> Data for processing:
##########

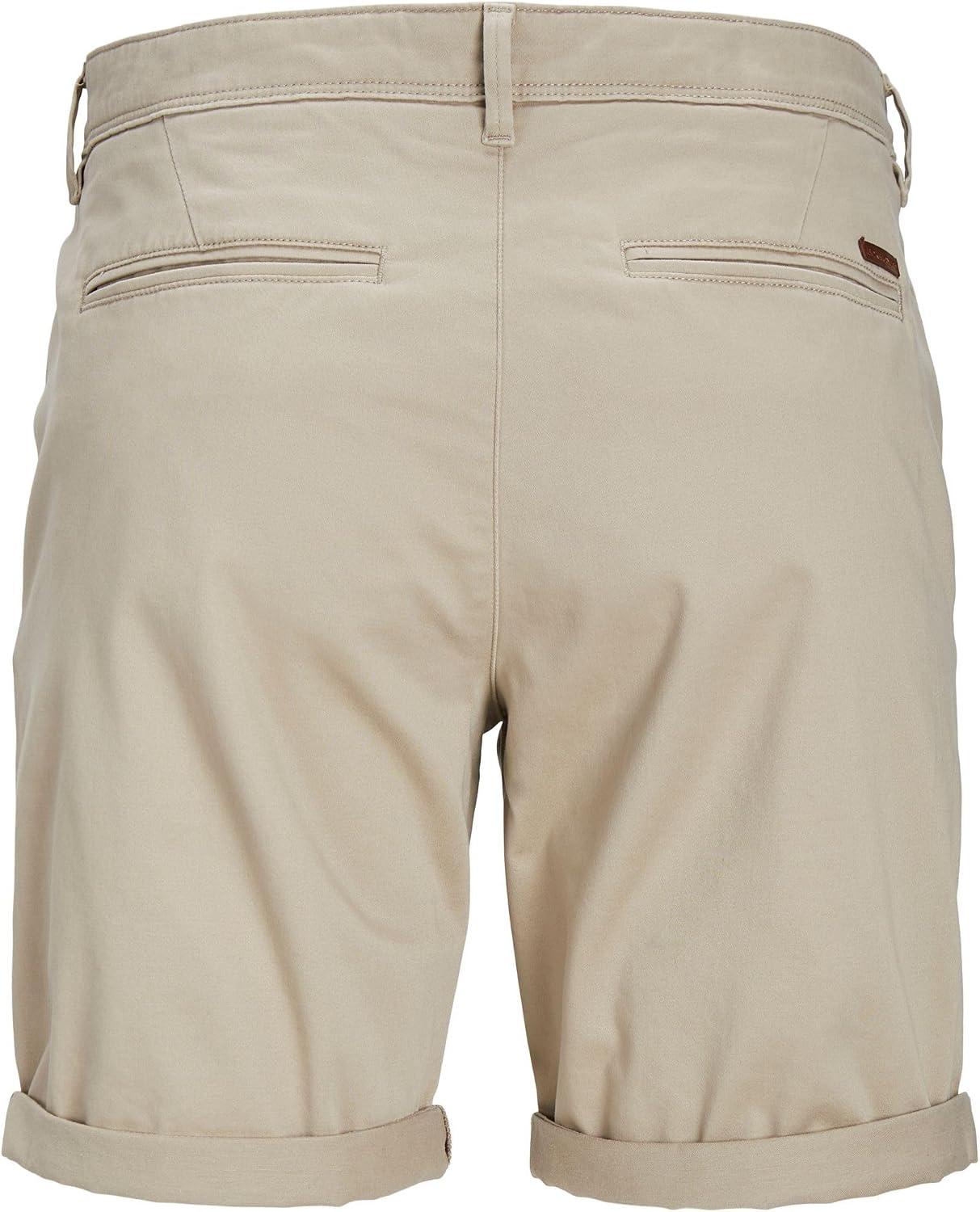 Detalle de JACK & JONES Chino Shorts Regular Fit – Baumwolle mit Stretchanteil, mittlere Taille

##########

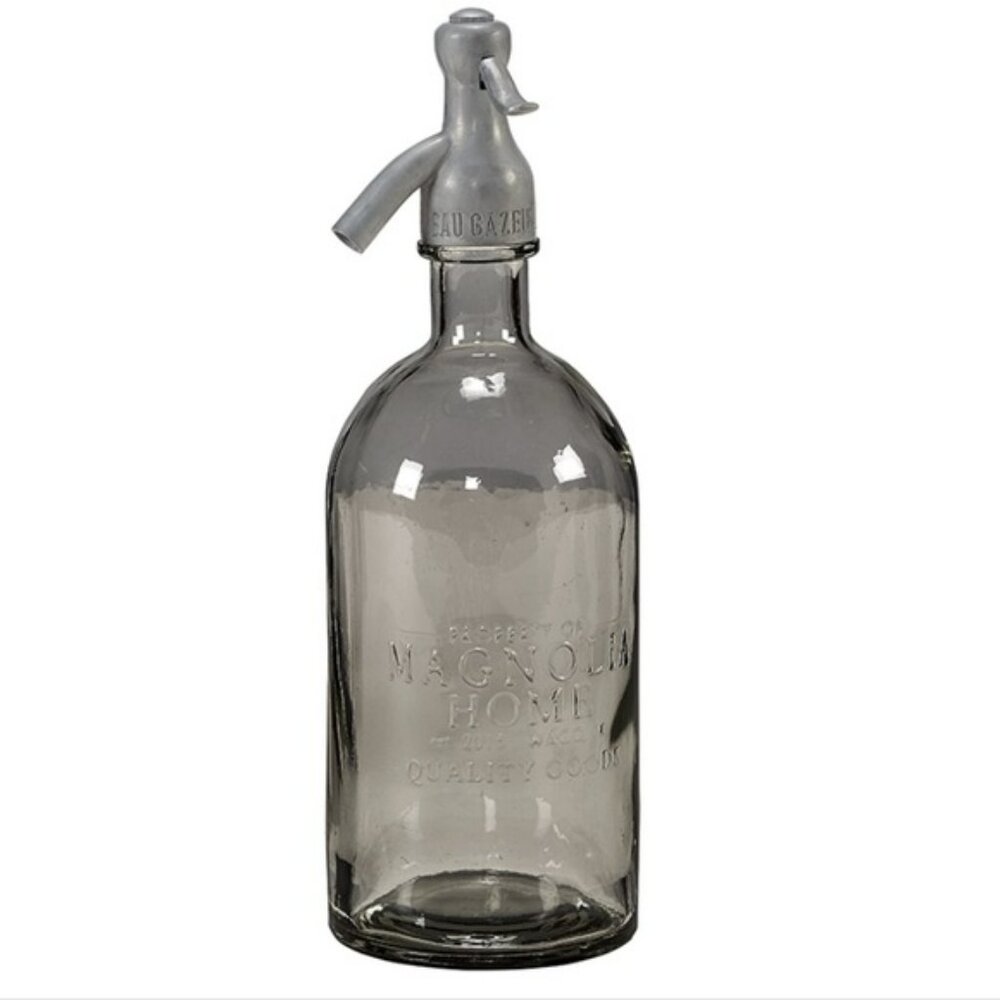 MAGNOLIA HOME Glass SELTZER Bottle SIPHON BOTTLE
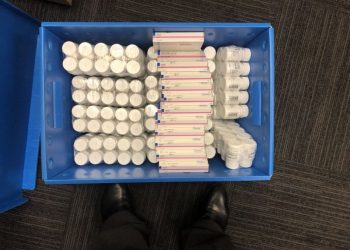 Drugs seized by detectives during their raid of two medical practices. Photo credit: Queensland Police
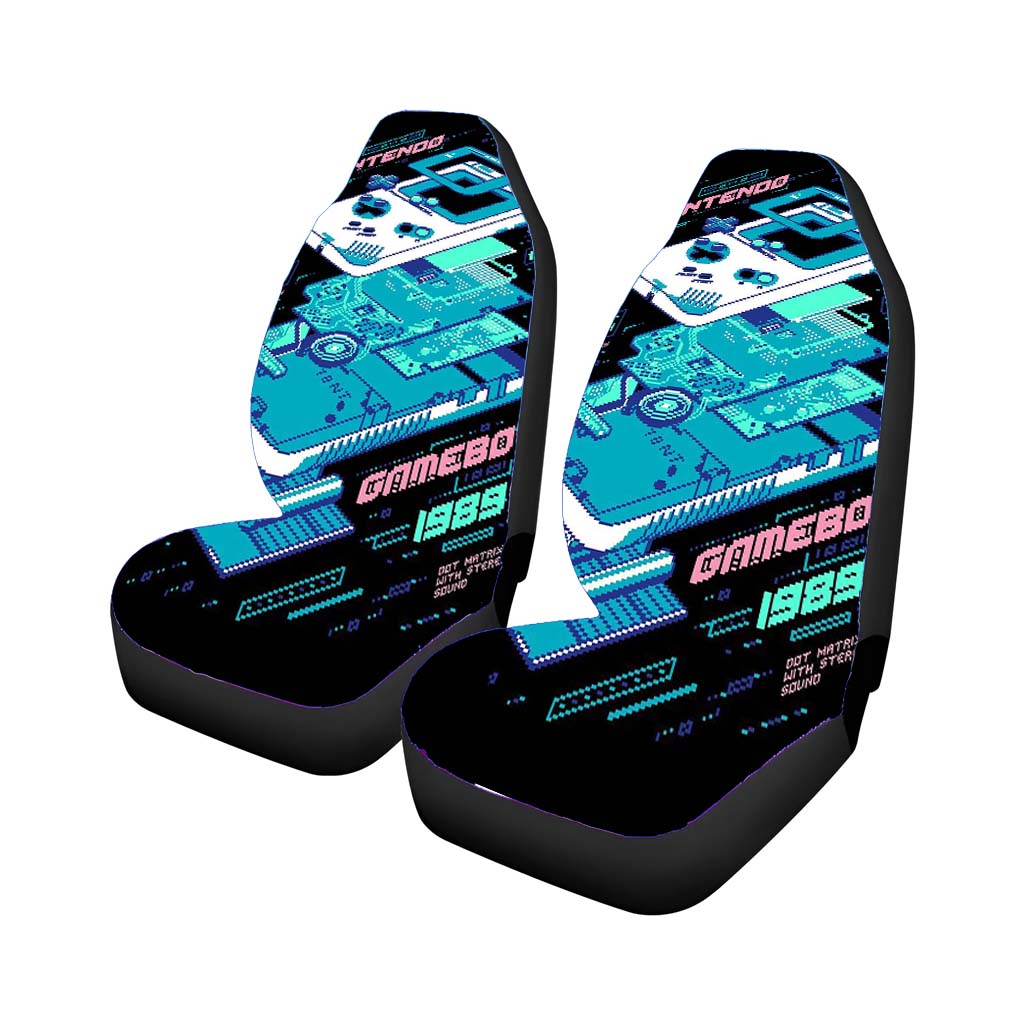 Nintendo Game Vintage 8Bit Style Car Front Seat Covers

##########

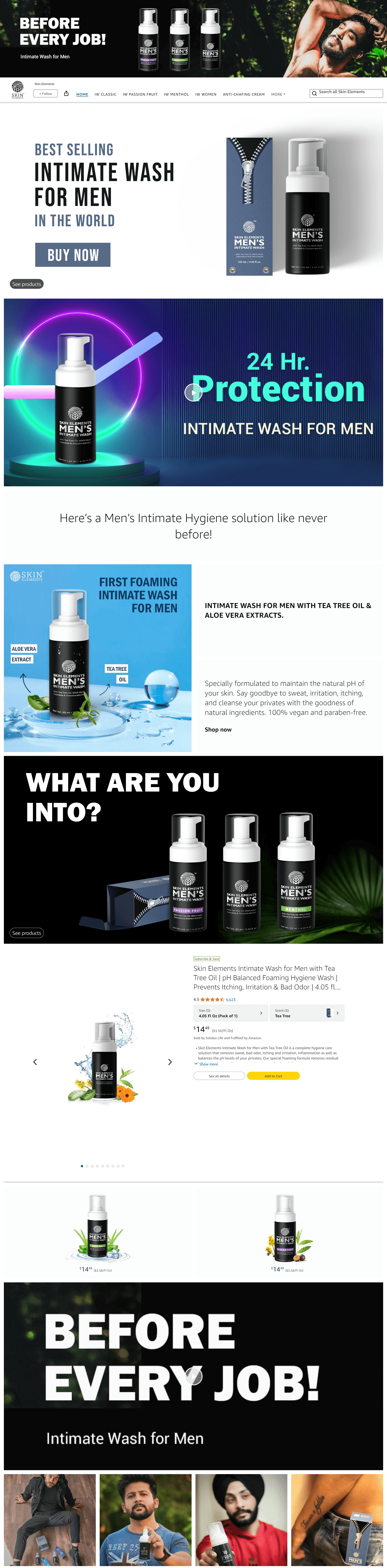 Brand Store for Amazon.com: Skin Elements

##########

> To do: Word for word, write out the lines above running from the one with "MAGNOLIA HOME Glass" up to and including the one with "Nintendo Game Vintage". Drop any picture.

> Task answer:
 MAGNOLIA HOME Glass SELTZER Bottle SIPHON BOTTLE
 Drugs seized by detectives during their raid of two medical practices. Photo credit: Queensland Police
 Nintendo Game Vintage 8Bit Style Car Front Seat Covers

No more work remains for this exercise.